Migration and Cultural Identity

The Holy Father especially stressed the theme of migration, but with an emphasis on culture identity, devoting nearly four consecutive pages to the rights and duties of cultures which find themselves living together. Asserting that a person's own culture is “a structuring element of one's personality, especially in the initial stages of life,” he said it was appropriate for societies to be concerned with maintaining their cultural identity, particularly for the sake of their children.

“From this point of view, a reasonable way forward would be to ensure a certain ‘cultural equilibrium’ in each region, by reference to the culture which has prevalently marked its development,” he said.

“This equilibrium, even while welcoming minorities and respecting their basic rights, would allow the continued existence and development of a particular ‘cultural profile,’ by which I mean that basic heritage of language, traditions and values which are inextricably part of a nation's history and its national identity,” he said.

But he added that laws alone were not enough to maintain a region's traditional culture.

“As long as a culture is truly alive, it need have no fear of being displaced. And no law could keep it alive if it were already dead in people's hearts,” he said.

“In the dialogue between cultures, no side can be prevented from proposing to the other the values in which it believes,” he said, “as long as this is done in a way that is respectful of people's freedom and conscience.”

Archbishop Francois Xavier Nguyen Van Thuan, president of the justice and peace council, underscored a passage in which the Pope said that “the cultural practices which immigrants bring with them should be respected and accepted, as long as they do not contravene either the universal ethical values inherent in the natural law or fundamental human rights.”

Western Media

The Pope also turned a critical eye toward Western culture and its disproportionate influence, through media and economic wealth, on the rest of the world.

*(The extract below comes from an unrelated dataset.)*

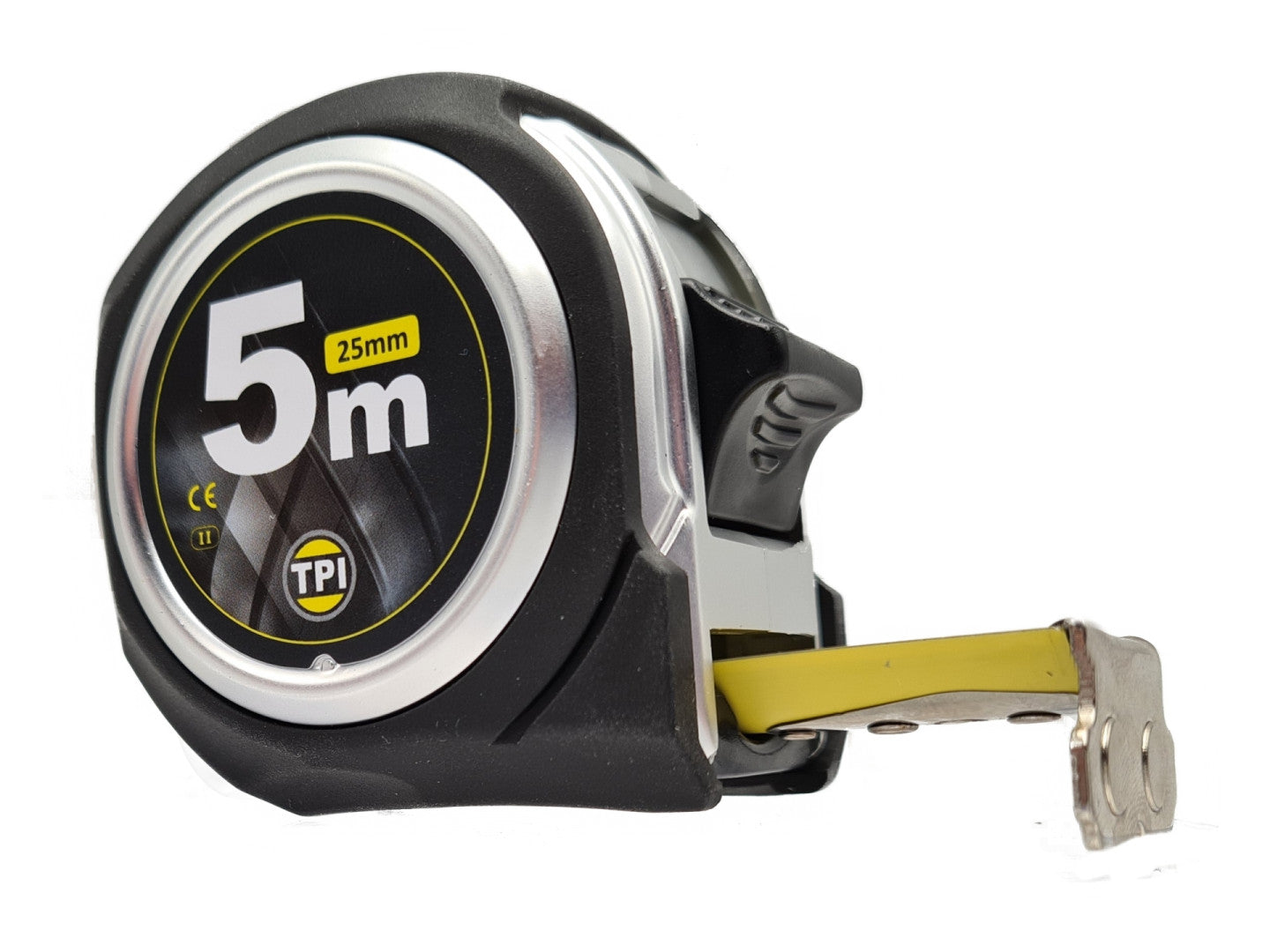 Profesionálny zvinovací meter, 5 m HBM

“Western cultural models are enticing and alluring because of their remarkable scientific and technical cast, but regrettably there is growing evidence of their deepening human, spiritual and moral impoverishment,” he said.

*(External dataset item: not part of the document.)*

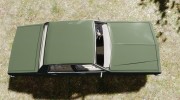 Chevrolet Impala 1983 para GTA 4 miniatura 9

The Pope said Western cultural models were “marked by the fatal attempt to secure the good of humanity by eliminating God.”

“A culture which no longer has a point of reference in God loses its soul and loses its way, becoming a culture of death,” he said.

In addition, the spread of Western culture meant that “other estimable cultures and civilizations” were being eroded from within and lost, the Pope said.

“The fact that a few countries have a monopoly on these cultural ‘industries’ and distribute their products to an ever growing public in every corner of the earth,” he said, “can be a powerful factor in undermining cultural distinctness.”